A rare operation: Doctors turn their heads to remove the tumor, the patient plays the clarinet

Surgery surgery for brain tumors, the first to be performed in Italy, at the S. Annna Hospital in Ferrara. The patient, in September, was operated awake while playing clarinets, in alert and co-operative state”. The Neuroropicia Department, led by Michele Alessandro Cavalo, is an international reference point for interventions with patients [...]
The Neurosurgy Department, led by Michele Alessandro Cavalo, is an international reference point for interventions involving smart patients rather than anesthesia.
In the case of brain tumors, neurosurgic intent is twofold: the largest removal of possible mass and the downing of possible brain damage caused by surgery.
There are tools to monitor motor functions, but not sensitive ones, and intervention can be performed by surgery awake with motor operating intraoperator monitoring thanks to the record of <x0).
The fact that the patient is a professional musician has created opportunities to try to preserve, with positive results and sensitivity.
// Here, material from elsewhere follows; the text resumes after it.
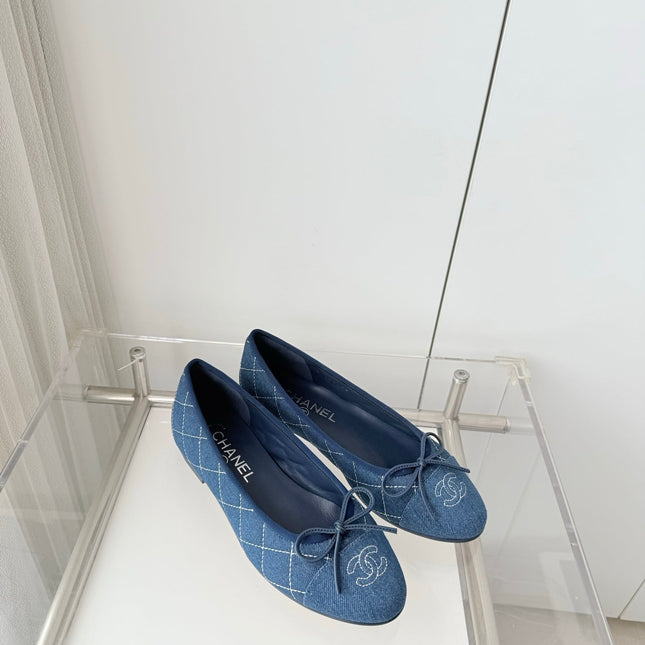 CHANEL 26S BALLET FLATS IN BLUE DENIM WITH BOW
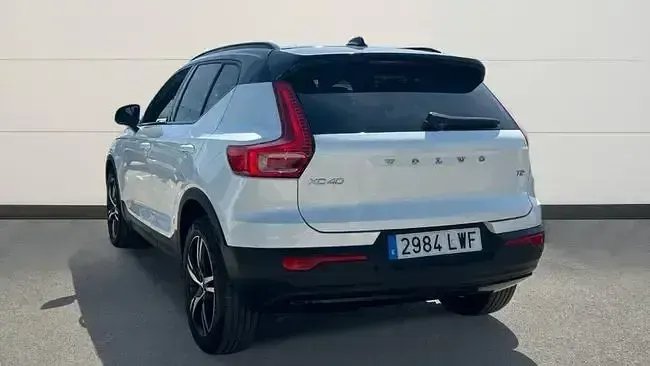 Usado Volvo XC40 R-Design 129 CV (94 kW) 2022 Blanco SUV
The patient, coming from another region, had experienced a sudden seizure of seizure.
Controls confirmed that the cause was a tumor located in the right sensitive area of the brain, the same area from which the perception of the right hand and left - arm sensitivity comes, writes La Repubblica.
The patient plays in the clarinets, an instrument that requires quick movement, precision and almost automatic fingerprints (the action of a musician is always determined and modified by the perception of instrument components, such as guitar cords, keys to the piano, holes, and keys to the clarinet).
So, for the first time in Italy, with the proposal of neurosurgeon Pasquale De Bonis and Neurodrozia Director Michele Alessandro Cavalo, decided to intervene by removing neoplasis while the patient whose availability was essential, he played in the clarinet. By stimulating specific cerebral stages, complex sense disorders have been caused.
The same patient could show that he was unable to direct his left hand fingers for the transitional transition of sensitivity, broadcast BW.
Songplay errors enabled neurosurgeons to follow up on surgery with de Borders, avoiding even the most minimal risk of damage.
Intervention has lasted four hours, half of which with the patient awake. The images of magnetic resonance after surgery showed the optimum removal of neoplasm.
The patient, who left the hospital after a few days, has been sending to doctors in the Department who operated on a video showing that he plays parts of classical music with perfection.